■ **Caption-style text data**
--------
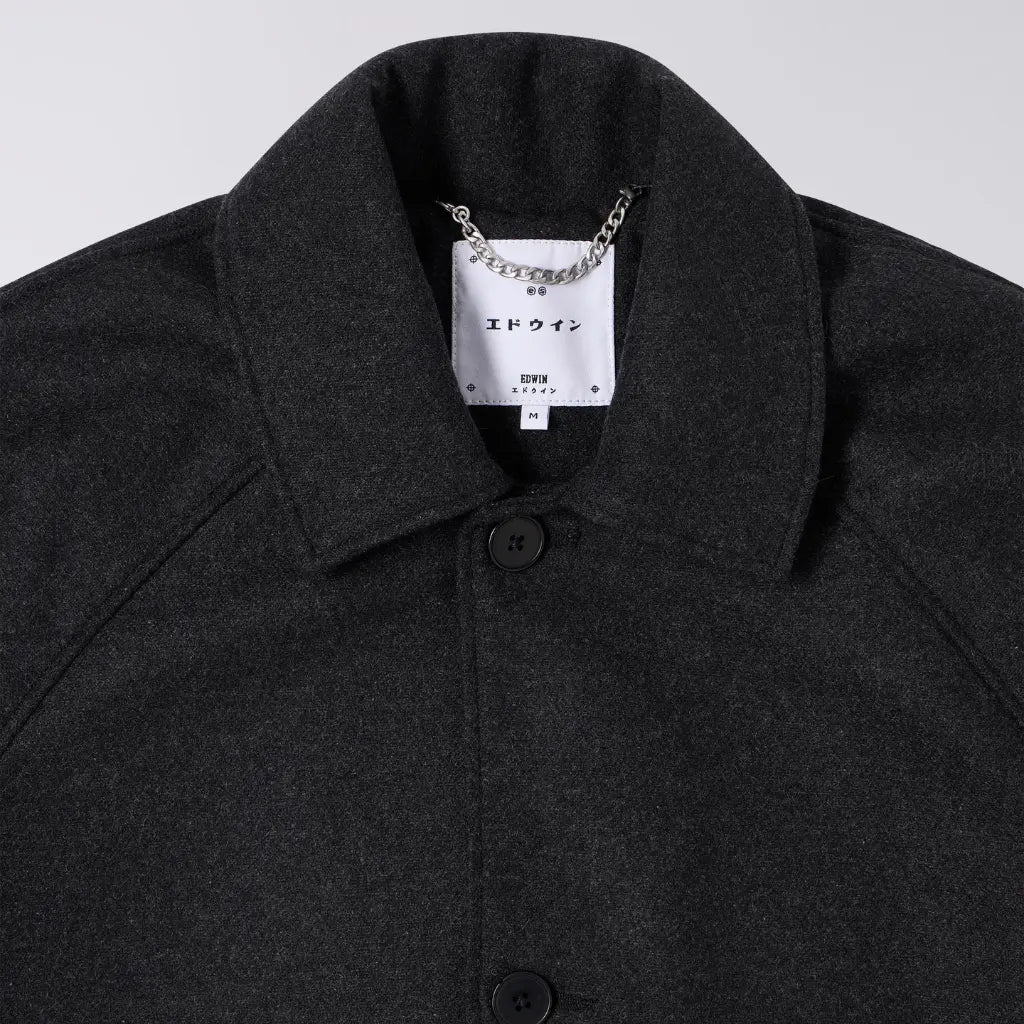 Manteau en Laine Mac Gris - Edwin - détail 3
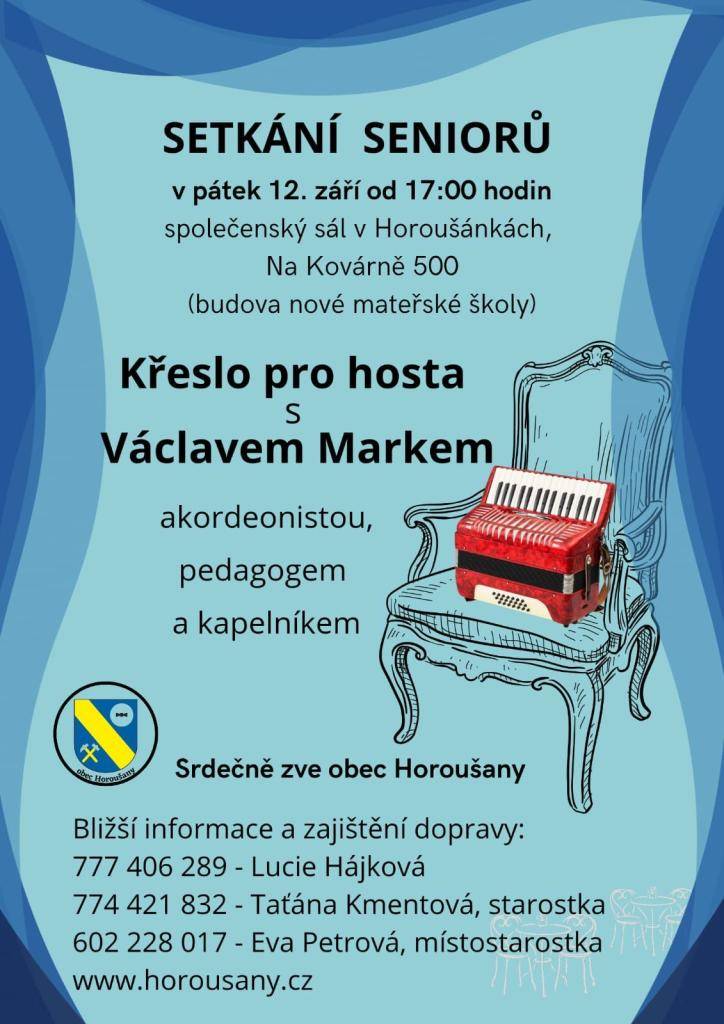 V pátek 12.září od 17 hodin v společenském sále Horoušánky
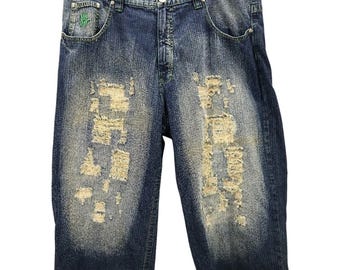 Vtg 90s Y2K Miskeen Denim Jean Shorts Jorts bordado Baggy Skater Jnco 42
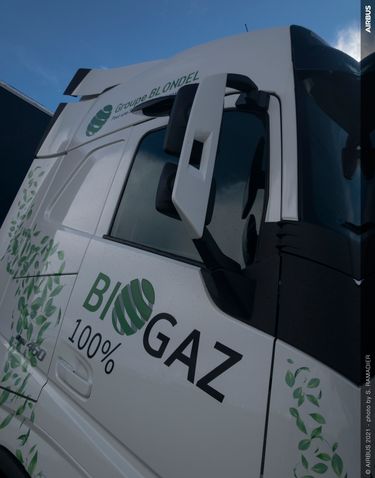 Biogas truck close up - Airbus Summit 2021 day 1 Biogas truck close up - Airbus Summit 2021 day 1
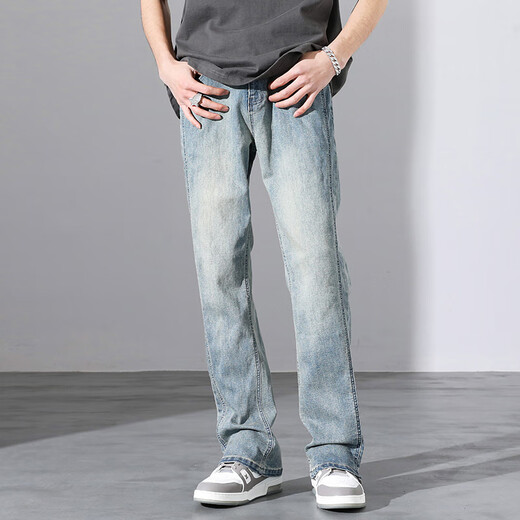 
Jeans men's American high street retro denim 2025 spring and summer new trendy brand straight-tight light casual long trousers 9901 blue 3XL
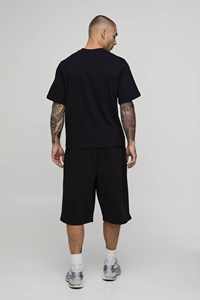 Ensemble T-shirt et short tricotés tendance pour homme, style streetwear décontracté en coton, personnalisable avec logo, coupe oversize – Vente en gros - Product Image 6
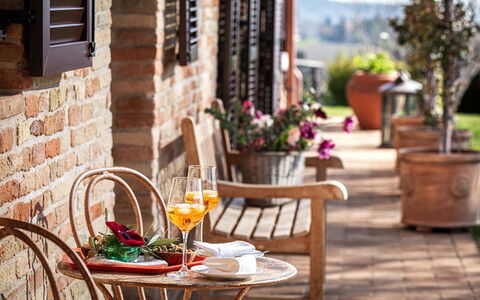 Villa Edelweiss: Flower, Plant, Table, Furniture, Property, Flowerpot, Tableware, Chair, Window, Building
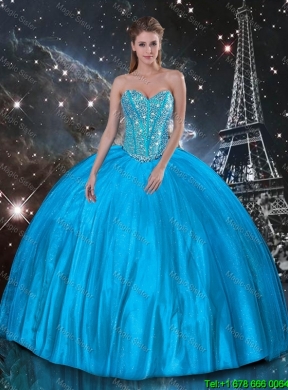 2016 Summer Popular Ball Gown Beaded Detachable Quinceanera Gowns in Blue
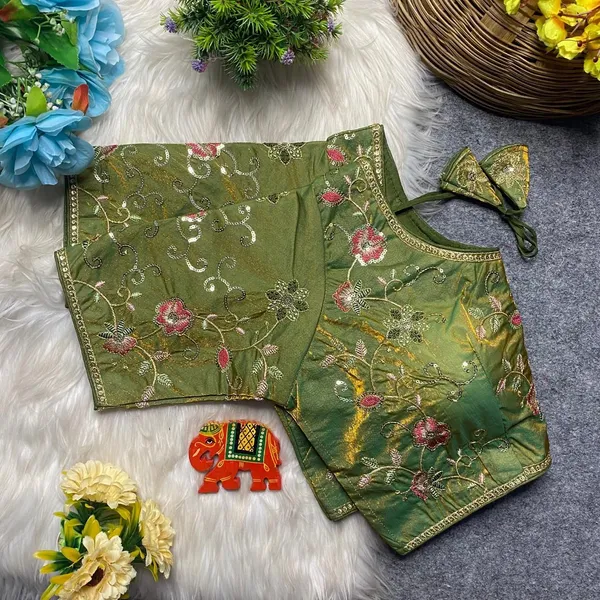 Light_Green_Silk_U-Neck_Blouse_For_Women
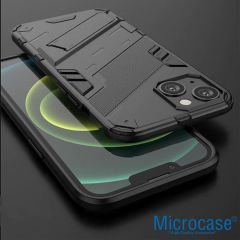 Microcase Apple iPhone 14 Matrix Serisi Armor Standlı Perfect Koruma Kılıf - Siyah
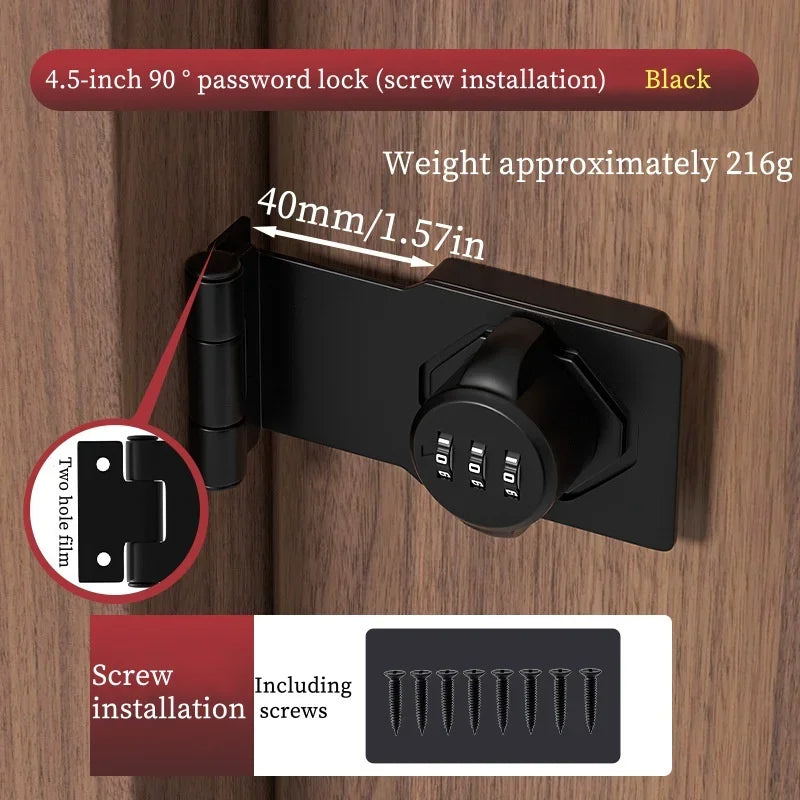 Household Cabinet Password Hasp Locks, Cabinet Locks with Combination, Door Security Slide Latch for Small Barn Doors, Bathroom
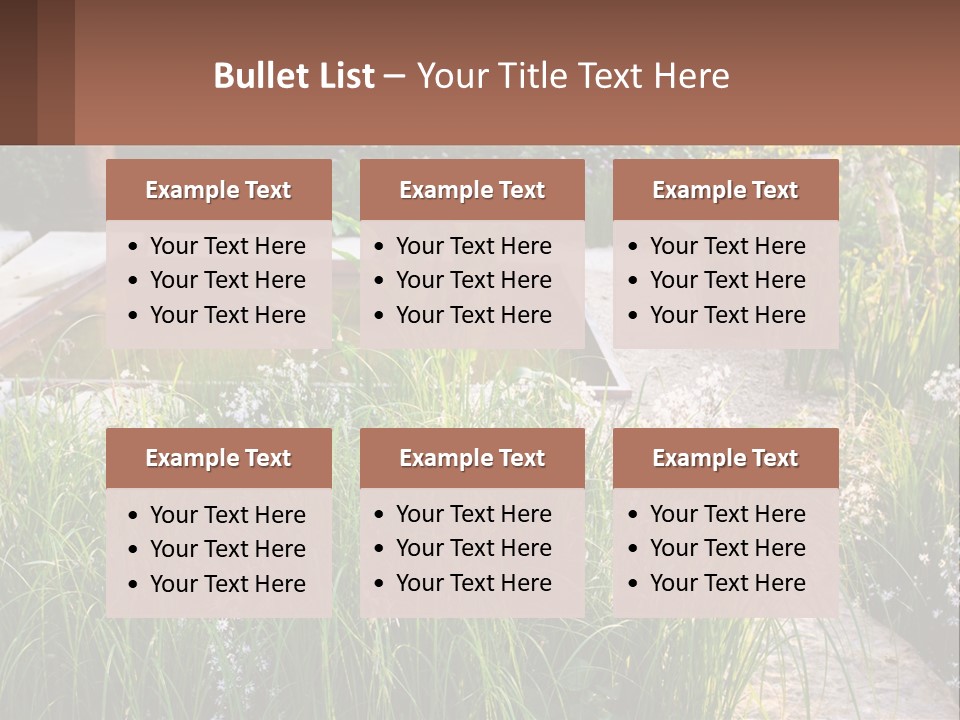 A Garden With Lots Of Plants And Water PowerPoint Template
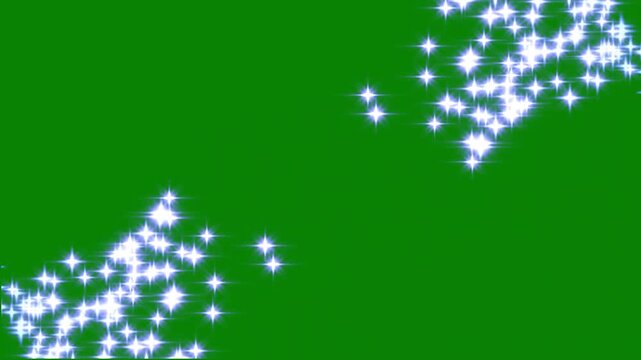 2d glitter star sparkle animation, magic line dust path, pixie dust trail, cartoon glitter, white stars and bokeh lights sparkle, magic sparkles glitter line stars, green screen 4k video.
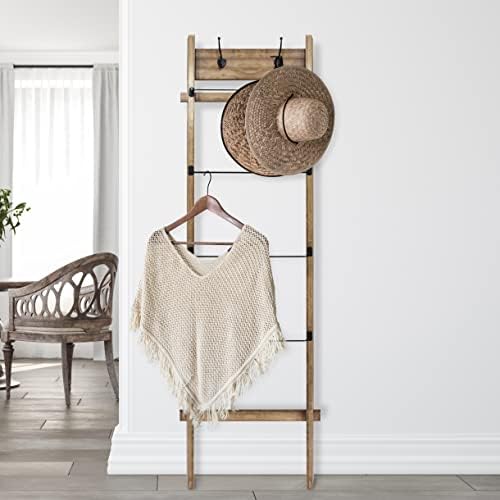 Blanket Ladder Farmhouse 4-Tier, Wall Leaning Blanket Ladders for The Living Room 77 x 19 Inch, Decorative Ladder with 2 Hooks, Premium Wooden Frame, Rustic Brown Wood Grain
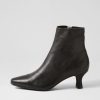 DJANGO & JULIETTE Cutaway Black Almond Leather Ankle Boots | Boots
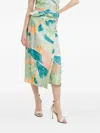 Never Fully Dressed Abstract-print Asymmetric Skirt In Green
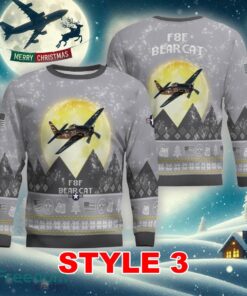 Grumman F8F Bearcat Aircraft Moonlight Multi Color Ugly Xmas Sweater Gift Holidays - Grumman F8F Bearcat Aircraft Moonlight Ugly Christmas Sweater_13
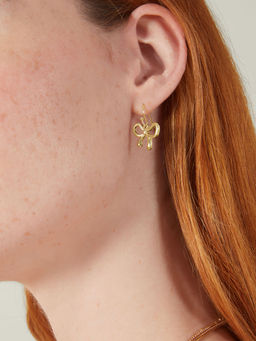 Accessorize London - Women Gold Bow Drop Earrings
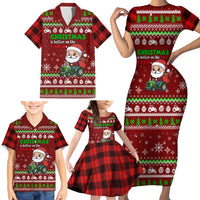 Tractor Santa Christmas Family Matching Short Sleeve Bodycon Dress and Hawaiian Shirt Xmas Holiday Patterns - Wonder Print Shop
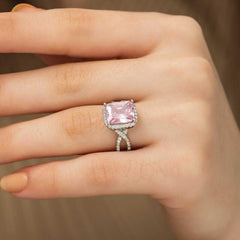 Silver Pink Baguette Women's Ring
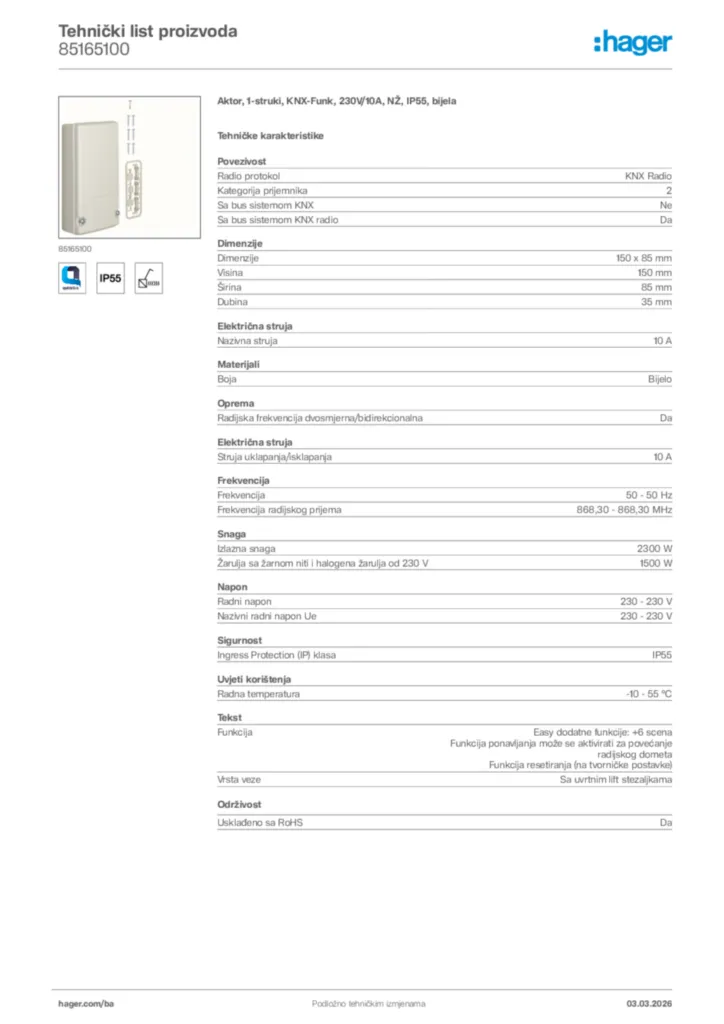 Slika Hager Tehnički list proizvoda 85165100  | Hager
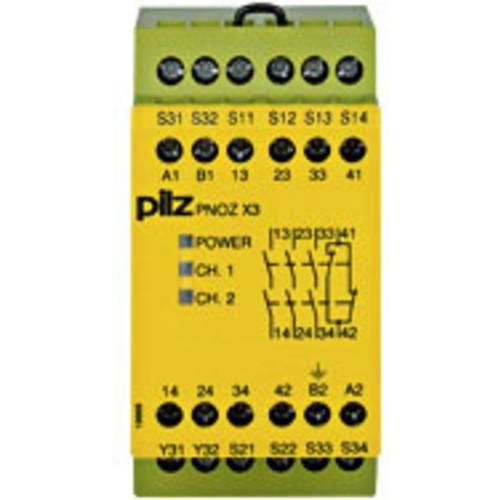 Thumbnail - Sicherheitsschaltgerät PNOZ X3 110VAC 24VDC 3n/o 1n/c 1so PILZ Betriebsspannung: 110 V/AC 3 Schließer, 1 Öffner (B x H x...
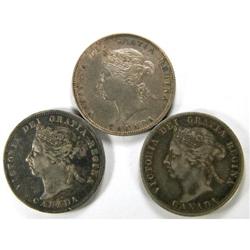 1874H, 1900 and 1901,all VF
--------
■ **To do**
Taking the entries above, copy word for word the lines from the one with "Biogas truck close up - Airbus Summit 2021 day 1 Biogas" up to and including the one with "Ensemble T-shirt et", without any picture.

■ **Exercise output**
 Biogas truck close up - Airbus Summit 2021 day 1 Biogas truck close up - Airbus Summit 2021 day 1
Jeans men's American high street retro denim 2025 spring and summer new trendy brand straight-tight light casual long trousers 9901 blue 3XL
 Ensemble T-shirt et short tricotés tendance pour homme, style streetwear décontracté en coton, personnalisable avec logo, coupe oversize – Vente en gros - Product Image 6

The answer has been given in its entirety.